ASSIGNED TASK ▸ In full and word for word, print the data below.

LISTED RECORDS ▸
= = = =

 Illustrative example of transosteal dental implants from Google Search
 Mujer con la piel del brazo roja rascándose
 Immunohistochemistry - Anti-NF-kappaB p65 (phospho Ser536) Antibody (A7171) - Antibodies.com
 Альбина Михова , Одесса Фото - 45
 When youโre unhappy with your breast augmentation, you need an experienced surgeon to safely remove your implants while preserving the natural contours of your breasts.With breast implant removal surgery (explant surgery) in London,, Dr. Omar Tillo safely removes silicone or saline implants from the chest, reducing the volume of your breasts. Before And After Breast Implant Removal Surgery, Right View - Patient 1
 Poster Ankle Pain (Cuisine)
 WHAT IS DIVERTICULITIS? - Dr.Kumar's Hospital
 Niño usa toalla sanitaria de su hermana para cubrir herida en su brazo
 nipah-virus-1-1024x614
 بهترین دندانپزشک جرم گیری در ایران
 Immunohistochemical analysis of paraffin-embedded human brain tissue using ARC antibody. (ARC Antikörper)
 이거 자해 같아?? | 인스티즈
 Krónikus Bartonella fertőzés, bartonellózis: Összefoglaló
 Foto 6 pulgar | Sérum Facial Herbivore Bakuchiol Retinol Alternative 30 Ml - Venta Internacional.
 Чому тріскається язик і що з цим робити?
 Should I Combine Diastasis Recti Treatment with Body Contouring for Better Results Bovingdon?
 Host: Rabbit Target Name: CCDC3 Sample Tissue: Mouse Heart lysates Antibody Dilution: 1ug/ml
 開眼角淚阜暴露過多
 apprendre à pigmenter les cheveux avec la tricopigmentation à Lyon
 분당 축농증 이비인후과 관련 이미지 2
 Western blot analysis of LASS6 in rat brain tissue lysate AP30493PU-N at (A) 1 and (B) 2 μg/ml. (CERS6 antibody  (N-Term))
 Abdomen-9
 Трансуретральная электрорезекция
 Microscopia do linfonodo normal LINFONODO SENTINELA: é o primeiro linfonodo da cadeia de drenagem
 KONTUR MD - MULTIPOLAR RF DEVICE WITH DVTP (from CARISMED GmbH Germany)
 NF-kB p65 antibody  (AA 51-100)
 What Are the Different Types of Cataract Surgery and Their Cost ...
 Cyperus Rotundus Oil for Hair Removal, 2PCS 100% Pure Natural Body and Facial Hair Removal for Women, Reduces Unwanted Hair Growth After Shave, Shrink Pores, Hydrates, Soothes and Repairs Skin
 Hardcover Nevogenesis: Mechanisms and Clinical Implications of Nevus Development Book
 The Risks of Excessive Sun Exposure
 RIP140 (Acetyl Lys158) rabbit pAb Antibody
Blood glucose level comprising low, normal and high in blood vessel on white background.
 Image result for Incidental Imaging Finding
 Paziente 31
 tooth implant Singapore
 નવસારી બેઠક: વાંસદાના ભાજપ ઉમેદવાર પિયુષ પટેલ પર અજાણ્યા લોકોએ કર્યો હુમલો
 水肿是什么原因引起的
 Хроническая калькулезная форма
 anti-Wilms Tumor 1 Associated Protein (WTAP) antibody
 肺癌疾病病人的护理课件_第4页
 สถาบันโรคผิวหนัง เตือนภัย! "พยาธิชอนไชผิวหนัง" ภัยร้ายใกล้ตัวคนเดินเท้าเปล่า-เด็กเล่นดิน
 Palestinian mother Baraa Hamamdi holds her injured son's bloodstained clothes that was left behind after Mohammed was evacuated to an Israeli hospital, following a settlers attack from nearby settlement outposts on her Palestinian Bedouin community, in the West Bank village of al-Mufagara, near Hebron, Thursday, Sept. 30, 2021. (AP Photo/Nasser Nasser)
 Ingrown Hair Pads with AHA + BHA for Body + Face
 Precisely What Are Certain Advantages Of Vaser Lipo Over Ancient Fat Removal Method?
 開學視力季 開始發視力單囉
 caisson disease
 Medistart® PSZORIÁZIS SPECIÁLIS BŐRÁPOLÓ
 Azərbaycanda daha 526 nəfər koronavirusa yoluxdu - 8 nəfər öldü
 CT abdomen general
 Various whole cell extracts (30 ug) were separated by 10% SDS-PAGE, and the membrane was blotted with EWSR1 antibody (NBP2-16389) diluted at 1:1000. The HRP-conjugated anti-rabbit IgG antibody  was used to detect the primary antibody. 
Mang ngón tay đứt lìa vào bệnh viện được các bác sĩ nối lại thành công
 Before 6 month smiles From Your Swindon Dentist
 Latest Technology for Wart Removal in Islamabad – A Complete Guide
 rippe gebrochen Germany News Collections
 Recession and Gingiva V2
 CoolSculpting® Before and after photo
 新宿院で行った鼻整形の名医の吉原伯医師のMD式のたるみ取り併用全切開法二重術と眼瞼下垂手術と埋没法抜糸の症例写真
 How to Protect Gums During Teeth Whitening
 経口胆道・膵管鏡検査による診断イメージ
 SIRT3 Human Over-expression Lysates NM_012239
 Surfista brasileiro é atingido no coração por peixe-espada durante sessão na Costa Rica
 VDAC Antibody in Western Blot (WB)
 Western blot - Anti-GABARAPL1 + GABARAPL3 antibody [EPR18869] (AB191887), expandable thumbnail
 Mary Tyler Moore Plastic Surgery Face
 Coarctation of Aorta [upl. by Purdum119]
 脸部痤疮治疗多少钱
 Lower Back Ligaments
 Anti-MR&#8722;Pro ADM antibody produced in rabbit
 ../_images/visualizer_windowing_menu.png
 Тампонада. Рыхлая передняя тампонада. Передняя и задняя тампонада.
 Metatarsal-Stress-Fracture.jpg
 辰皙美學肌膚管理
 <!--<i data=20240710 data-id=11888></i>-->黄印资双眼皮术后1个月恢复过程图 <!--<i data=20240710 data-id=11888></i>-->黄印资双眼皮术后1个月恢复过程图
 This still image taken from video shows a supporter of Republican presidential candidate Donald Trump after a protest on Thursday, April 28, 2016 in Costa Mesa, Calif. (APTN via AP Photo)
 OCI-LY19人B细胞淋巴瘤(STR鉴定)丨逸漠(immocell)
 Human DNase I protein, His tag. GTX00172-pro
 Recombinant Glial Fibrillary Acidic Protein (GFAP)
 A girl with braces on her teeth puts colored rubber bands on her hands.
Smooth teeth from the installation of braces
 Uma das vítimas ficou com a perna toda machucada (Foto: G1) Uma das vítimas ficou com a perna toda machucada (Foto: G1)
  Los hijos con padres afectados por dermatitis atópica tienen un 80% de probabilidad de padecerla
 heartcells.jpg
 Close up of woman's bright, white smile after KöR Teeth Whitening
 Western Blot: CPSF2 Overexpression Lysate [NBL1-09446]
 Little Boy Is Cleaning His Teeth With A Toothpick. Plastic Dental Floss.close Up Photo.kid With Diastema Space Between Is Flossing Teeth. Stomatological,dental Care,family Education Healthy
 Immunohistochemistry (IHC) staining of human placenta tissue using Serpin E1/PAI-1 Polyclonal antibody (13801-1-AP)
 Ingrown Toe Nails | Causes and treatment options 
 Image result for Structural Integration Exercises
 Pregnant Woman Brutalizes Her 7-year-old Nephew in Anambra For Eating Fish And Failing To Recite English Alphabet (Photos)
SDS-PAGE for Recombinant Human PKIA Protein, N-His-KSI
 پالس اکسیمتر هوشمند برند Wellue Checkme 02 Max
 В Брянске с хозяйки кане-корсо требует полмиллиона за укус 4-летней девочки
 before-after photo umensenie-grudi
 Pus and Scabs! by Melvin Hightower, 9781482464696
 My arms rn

= = = =

YOUR SOLUTION ▸
 Illustrative example of transosteal dental implants from Google Search
 Mujer con la piel del brazo roja rascándose
 Immunohistochemistry - Anti-NF-kappaB p65 (phospho Ser536) Antibody (A7171) - Antibodies.com
 Альбина Михова , Одесса Фото - 45
 When youโre unhappy with your breast augmentation, you need an experienced surgeon to safely remove your implants while preserving the natural contours of your breasts.With breast implant removal surgery (explant surgery) in London,, Dr. Omar Tillo safely removes silicone or saline implants from the chest, reducing the volume of your breasts. Before And After Breast Implant Removal Surgery, Right View - Patient 1
 Poster Ankle Pain (Cuisine)
 WHAT IS DIVERTICULITIS? - Dr.Kumar's Hospital
 Niño usa toalla sanitaria de su hermana para cubrir herida en su brazo
 nipah-virus-1-1024x614
 بهترین دندانپزشک جرم گیری در ایران
 Immunohistochemical analysis of paraffin-embedded human brain tissue using ARC antibody. (ARC Antikörper)
 이거 자해 같아?? | 인스티즈
 Krónikus Bartonella fertőzés, bartonellózis: Összefoglaló
 Foto 6 pulgar | Sérum Facial Herbivore Bakuchiol Retinol Alternative 30 Ml - Venta Internacional.
 Чому тріскається язик і що з цим робити?
 Should I Combine Diastasis Recti Treatment with Body Contouring for Better Results Bovingdon?
 Host: Rabbit Target Name: CCDC3 Sample Tissue: Mouse Heart lysates Antibody Dilution: 1ug/ml
 開眼角淚阜暴露過多
 apprendre à pigmenter les cheveux avec la tricopigmentation à Lyon
 분당 축농증 이비인후과 관련 이미지 2
 Western blot analysis of LASS6 in rat brain tissue lysate AP30493PU-N at (A) 1 and (B) 2 μg/ml. (CERS6 antibody  (N-Term))
 Abdomen-9
 Трансуретральная электрорезекция
 Microscopia do linfonodo normal LINFONODO SENTINELA: é o primeiro linfonodo da cadeia de drenagem
 KONTUR MD - MULTIPOLAR RF DEVICE WITH DVTP (from CARISMED GmbH Germany)
 NF-kB p65 antibody  (AA 51-100)
 What Are the Different Types of Cataract Surgery and Their Cost ...
 Cyperus Rotundus Oil for Hair Removal, 2PCS 100% Pure Natural Body and Facial Hair Removal for Women, Reduces Unwanted Hair Growth After Shave, Shrink Pores, Hydrates, Soothes and Repairs Skin
 Hardcover Nevogenesis: Mechanisms and Clinical Implications of Nevus Development Book
 The Risks of Excessive Sun Exposure
 RIP140 (Acetyl Lys158) rabbit pAb Antibody
Blood glucose level comprising low, normal and high in blood vessel on white background.
 Image result for Incidental Imaging Finding
 Paziente 31
 tooth implant Singapore
 નવસારી બેઠક: વાંસદાના ભાજપ ઉમેદવાર પિયુષ પટેલ પર અજાણ્યા લોકોએ કર્યો હુમલો
 水肿是什么原因引起的
 Хроническая калькулезная форма
 anti-Wilms Tumor 1 Associated Protein (WTAP) antibody
 肺癌疾病病人的护理课件_第4页
 สถาบันโรคผิวหนัง เตือนภัย! "พยาธิชอนไชผิวหนัง" ภัยร้ายใกล้ตัวคนเดินเท้าเปล่า-เด็กเล่นดิน
 Palestinian mother Baraa Hamamdi holds her injured son's bloodstained clothes that was left behind after Mohammed was evacuated to an Israeli hospital, following a settlers attack from nearby settlement outposts on her Palestinian Bedouin community, in the West Bank village of al-Mufagara, near Hebron, Thursday, Sept. 30, 2021. (AP Photo/Nasser Nasser)
 Ingrown Hair Pads with AHA + BHA for Body + Face
 Precisely What Are Certain Advantages Of Vaser Lipo Over Ancient Fat Removal Method?
 開學視力季 開始發視力單囉
 caisson disease
 Medistart® PSZORIÁZIS SPECIÁLIS BŐRÁPOLÓ
 Azərbaycanda daha 526 nəfər koronavirusa yoluxdu - 8 nəfər öldü
 CT abdomen general
 Various whole cell extracts (30 ug) were separated by 10% SDS-PAGE, and the membrane was blotted with EWSR1 antibody (NBP2-16389) diluted at 1:1000. The HRP-conjugated anti-rabbit IgG antibody  was used to detect the primary antibody. 
Mang ngón tay đứt lìa vào bệnh viện được các bác sĩ nối lại thành công
 Before 6 month smiles From Your Swindon Dentist
 Latest Technology for Wart Removal in Islamabad – A Complete Guide
 rippe gebrochen Germany News Collections
 Recession and Gingiva V2
 CoolSculpting® Before and after photo
 新宿院で行った鼻整形の名医の吉原伯医師のMD式のたるみ取り併用全切開法二重術と眼瞼下垂手術と埋没法抜糸の症例写真
 How to Protect Gums During Teeth Whitening
 経口胆道・膵管鏡検査による診断イメージ
 SIRT3 Human Over-expression Lysates NM_012239
 Surfista brasileiro é atingido no coração por peixe-espada durante sessão na Costa Rica
 VDAC Antibody in Western Blot (WB)
 Western blot - Anti-GABARAPL1 + GABARAPL3 antibody [EPR18869] (AB191887), expandable thumbnail
 Mary Tyler Moore Plastic Surgery Face
 Coarctation of Aorta [upl. by Purdum119]
 脸部痤疮治疗多少钱
 Lower Back Ligaments
 Anti-MR&#8722;Pro ADM antibody produced in rabbit
 ../_images/visualizer_windowing_menu.png
 Тампонада. Рыхлая передняя тампонада. Передняя и задняя тампонада.
 Metatarsal-Stress-Fracture.jpg
 辰皙美學肌膚管理
 <!--<i data=20240710 data-id=11888></i>-->黄印资双眼皮术后1个月恢复过程图 <!--<i data=20240710 data-id=11888></i>-->黄印资双眼皮术后1个月恢复过程图
 This still image taken from video shows a supporter of Republican presidential candidate Donald Trump after a protest on Thursday, April 28, 2016 in Costa Mesa, Calif. (APTN via AP Photo)
 OCI-LY19人B细胞淋巴瘤(STR鉴定)丨逸漠(immocell)
 Human DNase I protein, His tag. GTX00172-pro
 Recombinant Glial Fibrillary Acidic Protein (GFAP)
 A girl with braces on her teeth puts colored rubber bands on her hands.
Smooth teeth from the installation of braces
 Uma das vítimas ficou com a perna toda machucada (Foto: G1) Uma das vítimas ficou com a perna toda machucada (Foto: G1)
  Los hijos con padres afectados por dermatitis atópica tienen un 80% de probabilidad de padecerla
 heartcells.jpg
 Close up of woman's bright, white smile after KöR Teeth Whitening
 Western Blot: CPSF2 Overexpression Lysate [NBL1-09446]
 Little Boy Is Cleaning His Teeth With A Toothpick. Plastic Dental Floss.close Up Photo.kid With Diastema Space Between Is Flossing Teeth. Stomatological,dental Care,family Education Healthy
 Immunohistochemistry (IHC) staining of human placenta tissue using Serpin E1/PAI-1 Polyclonal antibody (13801-1-AP)
 Ingrown Toe Nails | Causes and treatment options 
 Image result for Structural Integration Exercises
 Pregnant Woman Brutalizes Her 7-year-old Nephew in Anambra For Eating Fish And Failing To Recite English Alphabet (Photos)
SDS-PAGE for Recombinant Human PKIA Protein, N-His-KSI
 پالس اکسیمتر هوشمند برند Wellue Checkme 02 Max
 В Брянске с хозяйки кане-корсо требует полмиллиона за укус 4-летней девочки
 before-after photo umensenie-grudi
 Pus and Scabs! by Melvin Hightower, 9781482464696
 My arms rn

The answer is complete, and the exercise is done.